The studies originated from 16 different countries and were published in 30 different journals. This indicates that a relatively large number of journals are interested in modelling AMR. Furthermore, it highlights that mathematical modelling is a relevant subject for a broad section of the scientific community. When screening and excluding papers, we might have excluded papers based on a misinterpretation of the title or abstract. However, to minimise such mistakes, we strived to include papers in cases where there was any doubt.
The majority of the studies modelled phenotypic AMR, while few models represented genotypic AMR (Table
5). Modelling genotypic AMR can be more complicated as many genes can be linked to a specific antibiotic, and the relationship between gene abundance and antibiotic use seems to be more complex than first anticipated [
65]. Modelling genotypic AMR requires the relevant genes for the modelled AMR to be represented, as well as circumstances allowing for the genetic AMR to be expressed as phenotypic AMR, leading to a spread of the resistant pathogen within the population. Published models of genotypic AMR do not link this AMR type to the development of phenotypic AMR and the subsequent spread of the resistant pathogen between individuals [
18]. This is perhaps due to a lack of information on the necessary circumstances for the phenotypic expression of genetic resistance determinants, thus emphasising the need for more research to better understand this process. Understanding the process is essential in the prevention of AMR development and spread.

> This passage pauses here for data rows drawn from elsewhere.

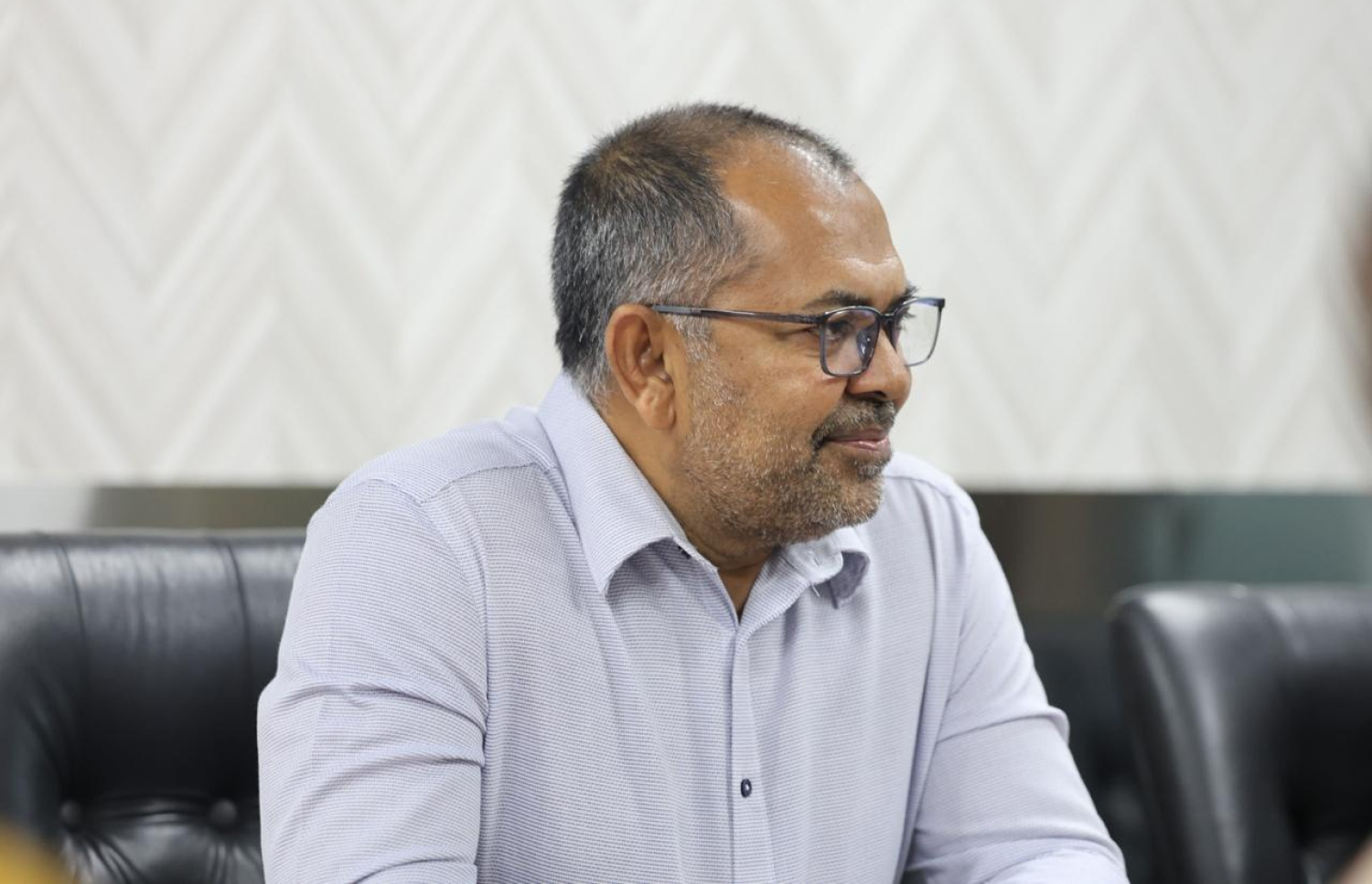 ފިނޭންސް މިނިސްޓަރު މޫސާ ޒަމީރު އިންޑިއާގެ ހައި ކޮމިޝަނަރު ޖީ. ބާލަސުބްރަމާނިއަން އެކު ބޭއްވި ބައްދަލުވުމުގައި. -- ފޮޓޯ: ފިނޭންސް މިނިސްޓްރީ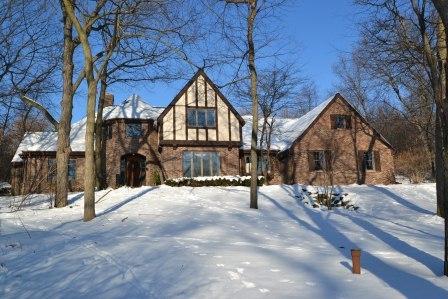 W306N2619 Ravine Ct, Delafield, WI 53072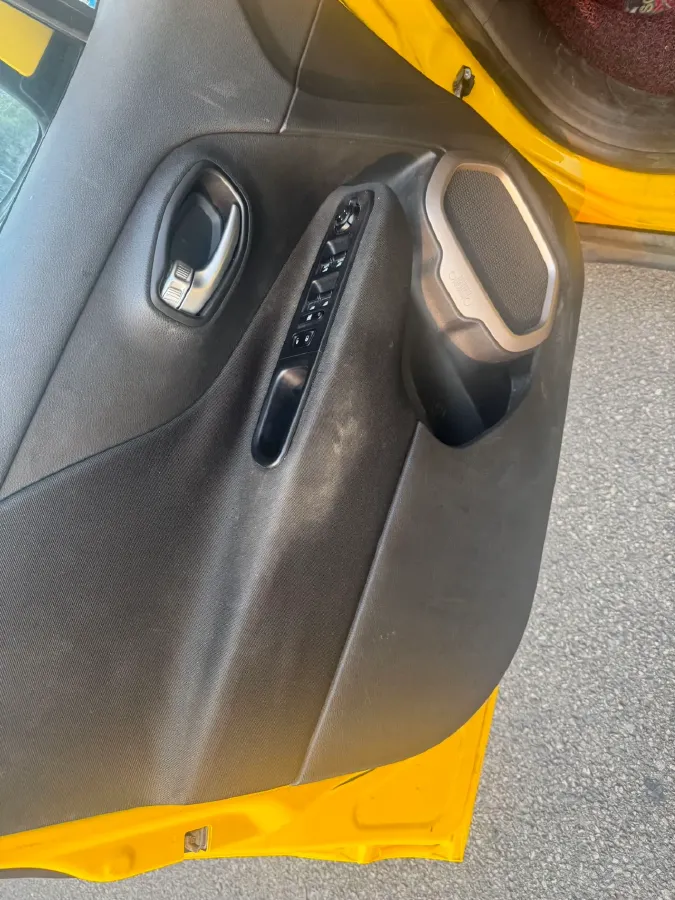 2017 Jeep Renegade 1.4T 150HP L4 7DCT,autocango,china used car exporter,china ev exporter,chinese used car exporter,chinese used ev exporter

In our opinion, the following elements should be considered when developing future models of AMR:
1)
Modelling the biological processes mechanistically. This allows heterogeneous processes and structures to be modelled and provides an insight into the ‘how and why’ of AMR occurrence, transfer and persistence.
2)
Incorporating the uncertainty and variability of the system using stochastic modelling.
3)
Extensive sensitivity analysis and model validation (both internal and external) using data that can support model development, parameterisation and validation.
The current study provides a comprehensive review of published models of AMR spread and development since 2006. Although the study focuses on providing insights into the technical elements of and differences between the models, it also provides an insight into the elements that should be included when AMR is modelled.